The many lines and symbols that interconnect and overlap on a stock chart can seem complex and difficult when viewed together, but if you see them as layers, the information conveyed is straightforward. Once you learn to separate the layers, you will begin to understand the simple fundamental data and numbers. You will in turn begin to see how these indicators can complement each other.
Two layers that can work together are the basic daily chart and the simple moving averages. The most recognizable even to beginners is the standard chart, which is a line based on the daily price changes of a stock. Sometimes called an alpine chart, it resembles a mountain range and is easy to translate to rising and falling prices. This chart records daily movement and it is influenced by many factors, including buying and selling, press releases and SEC filings. Since it reflects the short-term activity, it moves in a relatively sharp pattern. The more volatility a stock has, the more rugged or extreme this line will be.
Companies in the penny-stock and OTC market will display more volatility than larger established companies. It doesn’t require huge amounts of money to move a chart indicator when the price is less than $1, or even less in pennies. This will record all the daily activity, but an extreme chart like this will not give a very accurate view of any long-term potential performance.
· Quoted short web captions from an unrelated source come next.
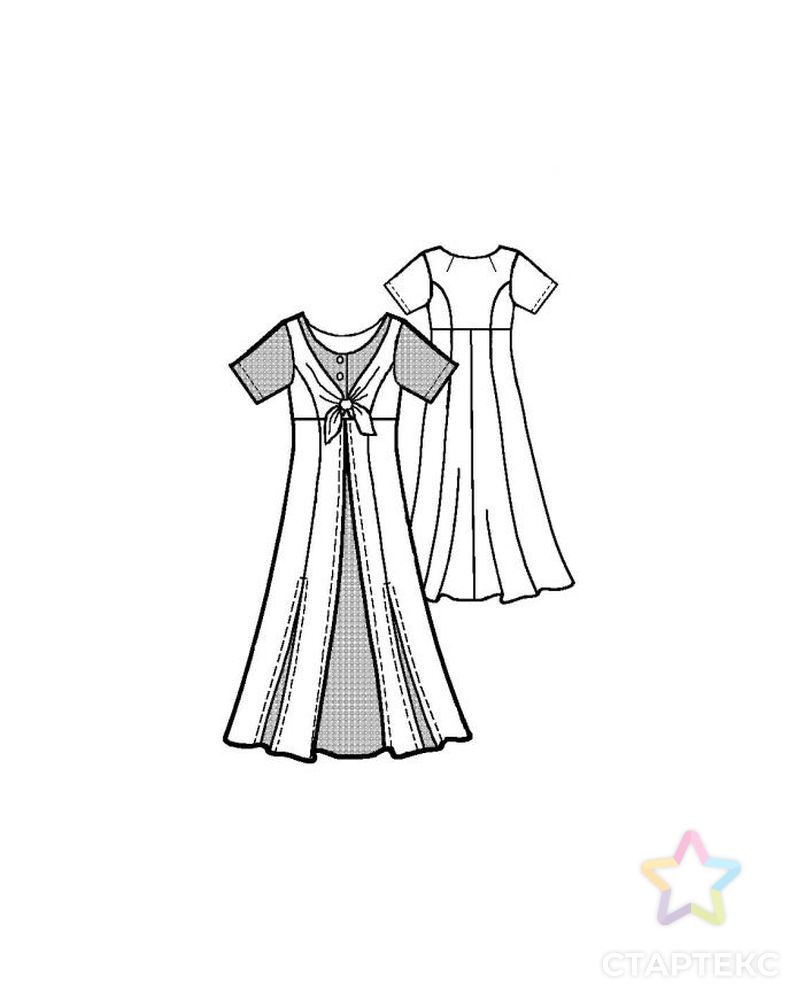 Выкройка: платье длинное двойное с коротким рукавом арт. ВКК-287-1-ЛК0005130 2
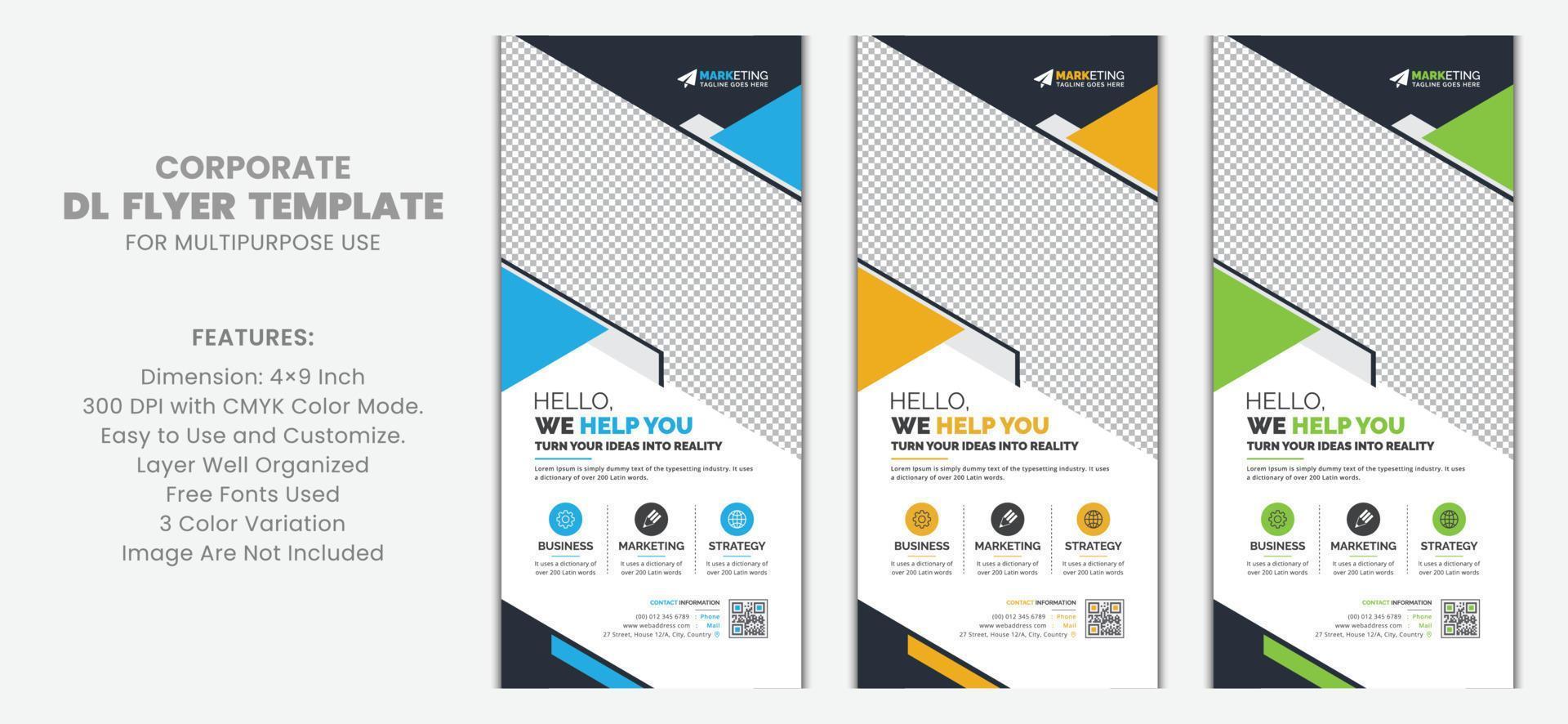 Abstract Corporate Business DL Flyer Rack Card Template Vector Design with Blue, Yellow, Green Color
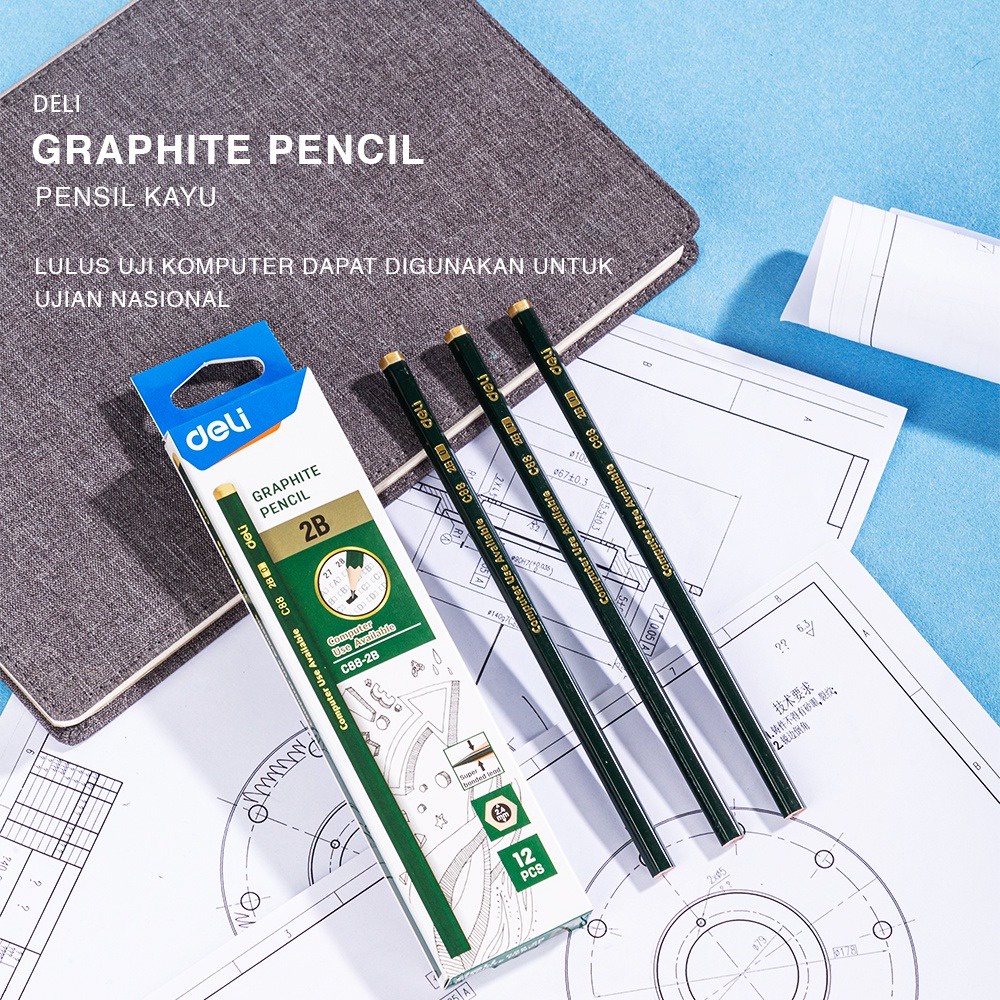 Pensil C88 2B * DELI * Graphite Pencil * Pensil Tulis * 1 Lusin 12pcs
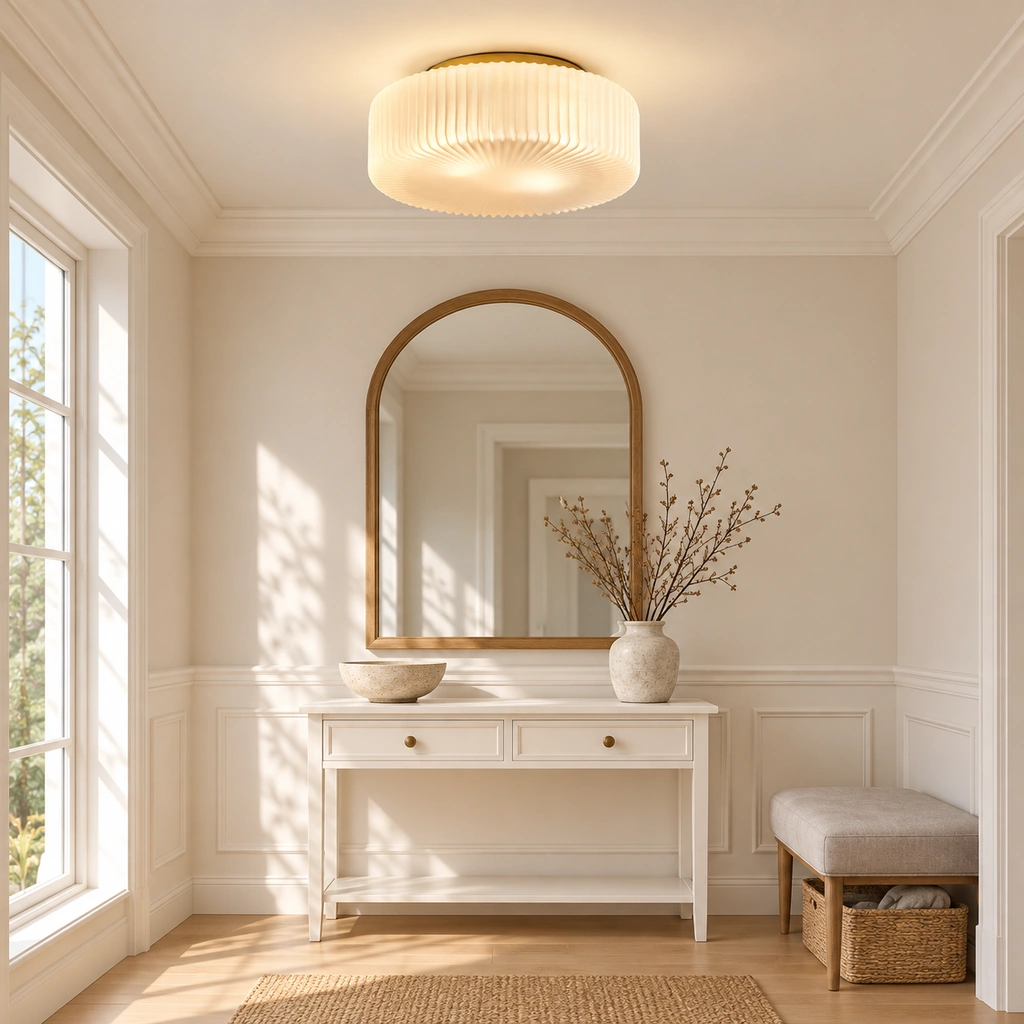 Elowen Ribbed Glass Flush Mount Light — scene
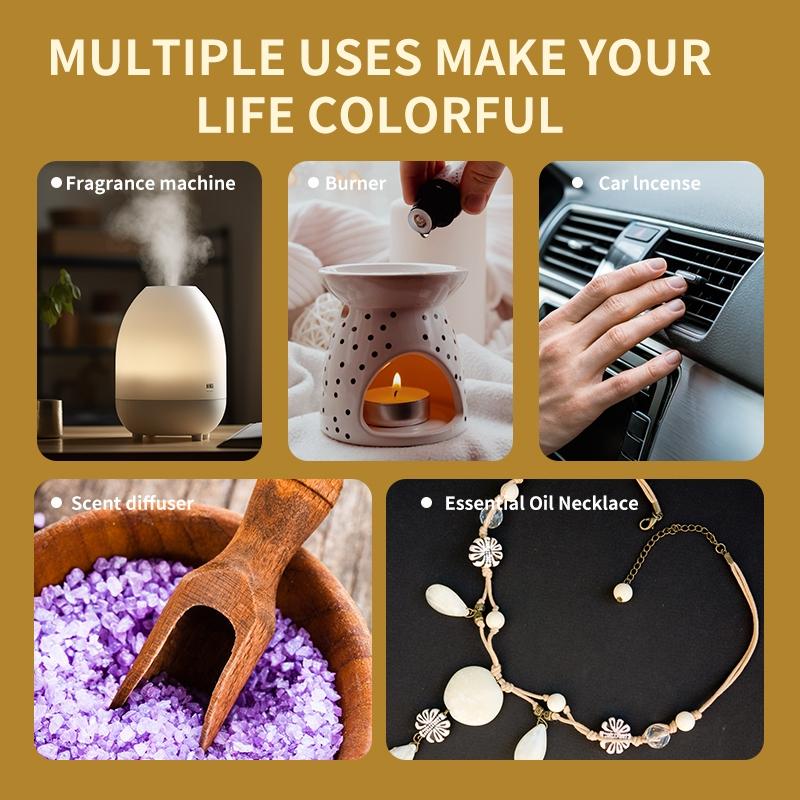 6pcs 10ML Aromatherapy Essential Oil Gift Set, Natural Yoga Oil Plant-Based, Scented Diffuser Oils, Suitable for Humidifiers Diffusers, Deodorizer for Living Room Bathroom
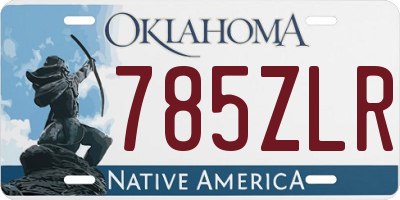 OK license plate 785ZLR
Nothing can actually predict performance, but there are signs that indicate a trend, and that can be valuable. The next layer that shows this contains the simple moving average, a stock’s average closing price over a specific time period, which can refine and complement the daily chart. There are other types of moving averages, but starting with the simple moving ones will give you the foundation to expand your knowledge. They are less pronounced and move in larger sweeping curves. They can be adjusted to reflect different periods of time between price points and give an average indicator.
Simple moving averages reduce the appearance of volatility, one of the biggest problems of penny stocks and can give a better idea of the share price’s overall direction. It is helpful to look at them visually as patterns and not just try to translate everything into dollars and data because they are only averages.
The visual movement of the SMA lines can alert you to momentum. Momentum is an important indicator because it does not change overnight, either up or down. It tends to go beyond the present day and can be more important than sharp ups and downs if you are investing for the long term. Exactly how much the stock moves in a day may not be as important in the long run as seeing the trend.
A more interesting aspect is how they can complement the alpine chart. For example, you can track three different time periods, such as the 20-day, 50-day and 100-day. Most brokerage firms will allow the option to add and customize these on your daily chart. The smaller the time period, the closer they will track alongside the daily performance. They may move above or below it or even intersect at times, but where they track will indicate larger trends. In other words, you may be able to see if the company is slowly moving up or down. At times they could even contradict the daily chart, which could be moving in the opposite direction. But even a very volatile daily chart could still be slowly rising or falling overall and simple moving averages will show that.
If the SMA lines converge with the daily line, it could be a signal of a trend starting or changing. If either the daily or shortest moving average moves up, crossing a longer one, an upward trend could be starting, but it won’t be seen immediately in the longest one. The opposite could also be true if it moves down below a longer line, possibly indicating a downward trend. Neither mean the company is losing or gaining value over the long run, but it can be a signal to watch the longer trend.
This might indicate a good time to pick up more shares if the longer average continues to climb in spite of a daily drop below it. The daily could come back up to it.
It could likewise indicate a good time to sell shares if the daily rises temporarily up through the longer average which is moving down. This could mean the price will drop.
As with all the layers of a chart, no single one should dictate your financial decisions. A simple moving average will not accurately predict exactly where a share price will go, but it might give an idea of its general direction in the long term.